#### [ACTION ITEM]
Word for word, copy out the entries below, but not the pictures in them.
____ EXERCISE MATERIAL
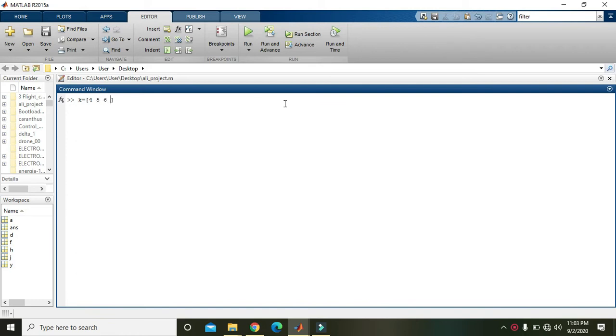Now, always keep in mind one thing: you need to create two vectors of same length.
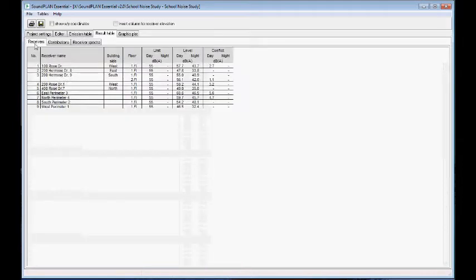Here we have a summary of all the contributions — the noise levels and the conflicts in terms of exceedance of the 55 decibel limit at daytime.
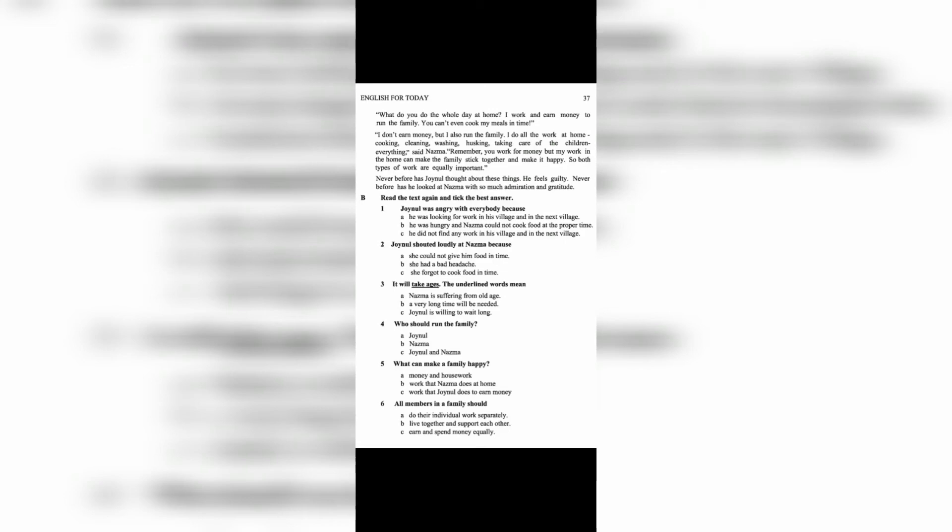'What do you do the whole day at home? I work and earn money to run the family. You can't even cook my meals in time.'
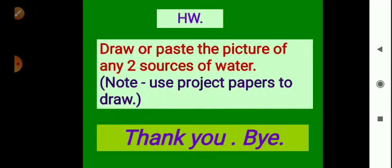Your homework is to draw or paste a picture of any two sources of water. Use project papers to draw and attach your project paper to your file. Thank you, bye, take care!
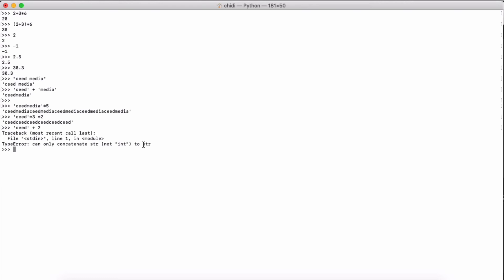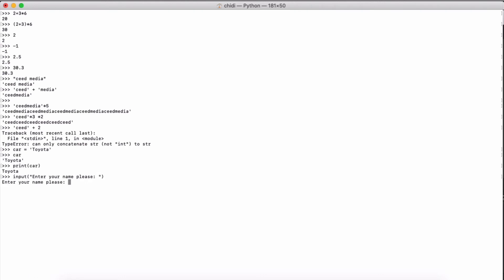Python also has variables — think of them as containers where values are stored. Declaring a variable is simple: write the name, use the assignment operator, and assign a value. For example, 'cars = "toyota"' stores the string, and calling 'cars' returns it. Python also has a print() function to output values, and an input() function to accept user input — you can pass a message prompt and store the result.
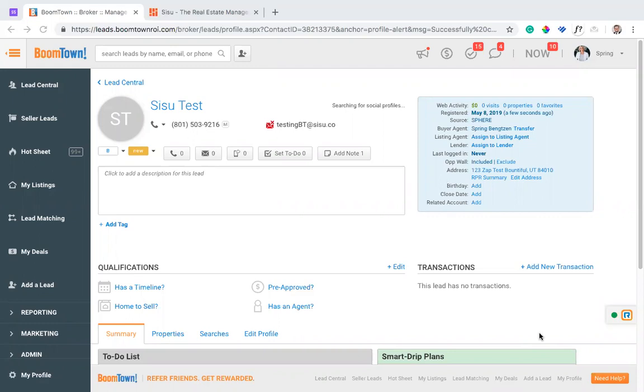Boomtown is one of the most popularly used CRMs in conjunction with Sisu. We have a really strong integration here provided through two different partners.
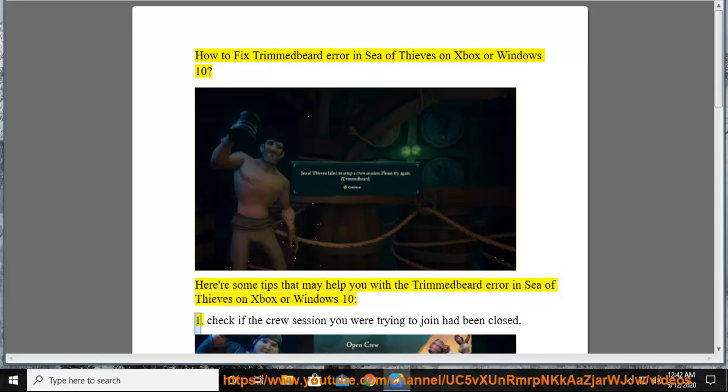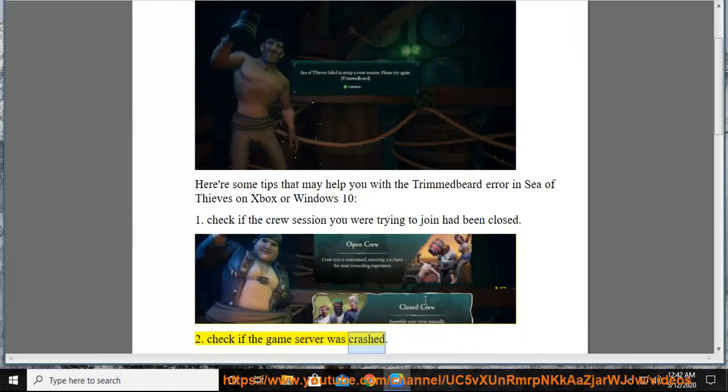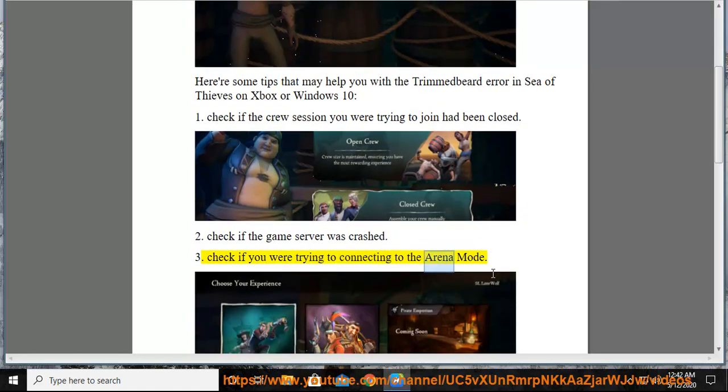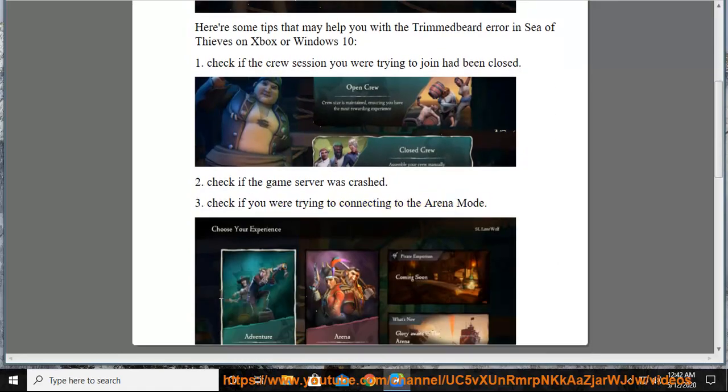1. Check if the crew session you were trying to join had been closed. 2. Check if the game server was crashed. 3. Check if you were trying to connect to the arena mode.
________
#### [YOUR SOLUTION]
Now, always keep in mind one thing: you need to create two vectors of same length.
Here we have a summary of all the contributions — the noise levels and the conflicts in terms of exceedance of the 55 decibel limit at daytime.
'What do you do the whole day at home? I work and earn money to run the family. You can't even cook my meals in time.'
Your homework is to draw or paste a picture of any two sources of water. Use project papers to draw and attach your project paper to your file. Thank you, bye, take care!
Python also has variables — think of them as containers where values are stored. Declaring a variable is simple: write the name, use the assignment operator, and assign a value. For example, 'cars = "toyota"' stores the string, and calling 'cars' returns it. Python also has a print() function to output values, and an input() function to accept user input — you can pass a message prompt and store the result.
Boomtown is one of the most popularly used CRMs in conjunction with Sisu. We have a really strong integration here provided through two different partners.
1. Check if the crew session you were trying to join had been closed. 2. Check if the game server was crashed. 3. Check if you were trying to connect to the arena mode.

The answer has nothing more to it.